A self-excited attractor commonly emerges in conventional oscillators through computational procedures. Upon detecting an unstable equilibrium, it becomes possible to derive a basin of attraction. In recent years, there has been a surge in the development of oscillators housing hidden attractors, where the basins of attraction are independent of equilibria [8, 9]. Investigating these hidden attractors necessitates specialized computational approaches, posing a considerable challenge in their determination [10]. Nevertheless, in practical applications, it becomes imperative to discern the presence of these hidden attractors to ensure that the system operates in accordance with the anticipated attractor [11, 12]. This identification serves to mitigate undesired system behaviors, thereby enhancing system safety and reliability.

In their study of nonlinear oscillators, researchers observed the presence of multiscrolls within attractors. These multiscrolls not only signified intricate dynamics but also showcased the practical applications of these oscillators [13]. As a result, a range of oscillators featuring multiscroll attractors has been developed. Furthermore, the existing literature has documented diverse methods for constructing multiscroll structures [14, 15]. For instance, Matouk et al. [16] employed the Caputo operator in their investigation of fractional multiscroll systems. Hu et al. proposed a 5D system that exhibited hidden attractors [17]. Memristor was a versatile component for creating multiscrolls [18]. Hyperchaos was observed by Vaidyanathan et al. [19]. Multiscroll oscillators were implemented in [20]. Li and Zeng reported multiple scrolls in a jerk system [21].

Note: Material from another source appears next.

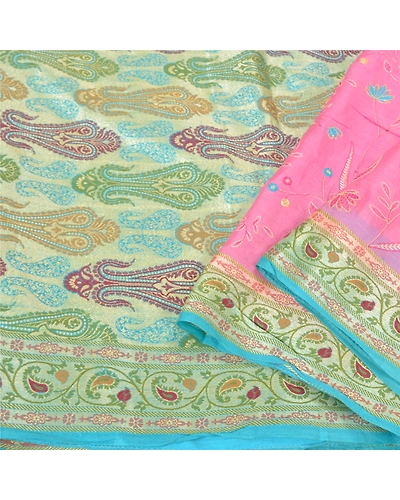 Sanskriti Vintage Pink Sarees 100% Pure Silk Embroidered Woven Sari Craft Fabric, PS-60589-Pink &amp; Blue-Thread Work-100% Pure Silk-2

Synchronization of two dynamic systems possesses importance in many physical systems such as optical and mechanical oscillators; therefore, it is important to mention some research studies, considering that in this paper the synchronization of the elegant chaotic system presented in this research study is performed by a super-twisting sliding algorithm. It is worthy to mention that the super-twisting algorithm provides a higher order sliding mode synchronization proving that it is an efficient control/synchronization algorithm as validated by numerical experiments. In the following reference [22], the design of a synchronizer for a financial chaotic system is realized by means of an integral sliding mode controller, proving the validity of the synchronization strategy. Besides in papers such as [23], a microcontroller implementation of a fractional order chaotic dynamic system by the sliding mode is provided. Meanwhile, in [24], a fractional order sliding mode controller is used to stabilize a secure system communication system.

Another control synchronization technique used in this research study is performed by means of a robust controller/synchronizer for the uncertain elegant chaotic system. The type of uncertainty analyzed in this research study is based on parametric uncertainties, which is one of the most common uncertainties found taking into consideration unmodelled dynamics. For example, in [25], the synchronization is realized by means of a Chlodowsky approximator for the uncertainties found in this system. Then, in [26], the robust synchronization of financial chaotic systems is performed by considering unknown parametric uncertainties. Finally, in [27], a robust controller based on neural networks is proposed for the synchronization of chaotic systems by a generalized projective strategy.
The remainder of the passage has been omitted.